The second minimum value is defined as the smallest value strictly larger than the minimum value. For example, the second minimum value of [2, 3, 4] is 3, and the second minimum value of [2, 2, 4] is 4.

Given n, edges, time, and change, return the second minimum time it will take to go from vertex 1 to vertex n.

Note: You can go through any vertex any number of times, including 1 and n. You can assume that when the journey starts, all signals have just turned green.

Input & Output

Example 1 — Basic Graph

$ Input: n = 5, edges = [[1,2],[1,3],[1,4],[3,4],[4,5]], time = 3, change = 5

› Output: 13

💡 Note: First minimum path: 1→4→5 takes 6 time units.
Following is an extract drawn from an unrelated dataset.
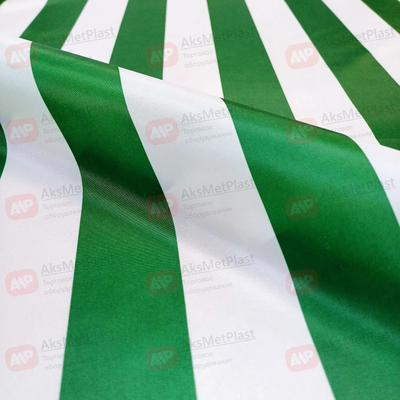 Тентовая ткань водонепроницаемая, полоса-зеленая-белая, VIKA, h=1,5 м, L=100 м полиэстер (Ткань Оксфорд)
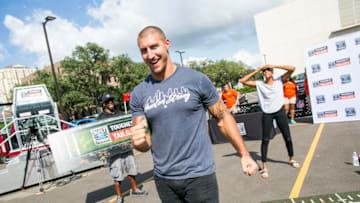 HOUSTON, TX - OCTOBER 07: CJ Fiedorowicz of the Houston Texans hangs with attendees at the third stop of the Build Ford Tough Toughest Tailgate to rev up Texans fans on October 7, 2017 in Houston, Texas. (Photo by Drew Anthony Smith/Getty Images for Ford Motor Company)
Second minimum: 1→3→4→5 or 1→2→1→4→5 takes 13 time units considering traffic light delays.

Example 2 — Simple Path

$ Input: n = 2, edges = [[1,2]], time = 3, change = 2

› Output: 11

💡 Note: Only one direct path 1→2. First minimum is 3. To get second minimum, go 1→2→1→2, which takes 11 time units with traffic delays.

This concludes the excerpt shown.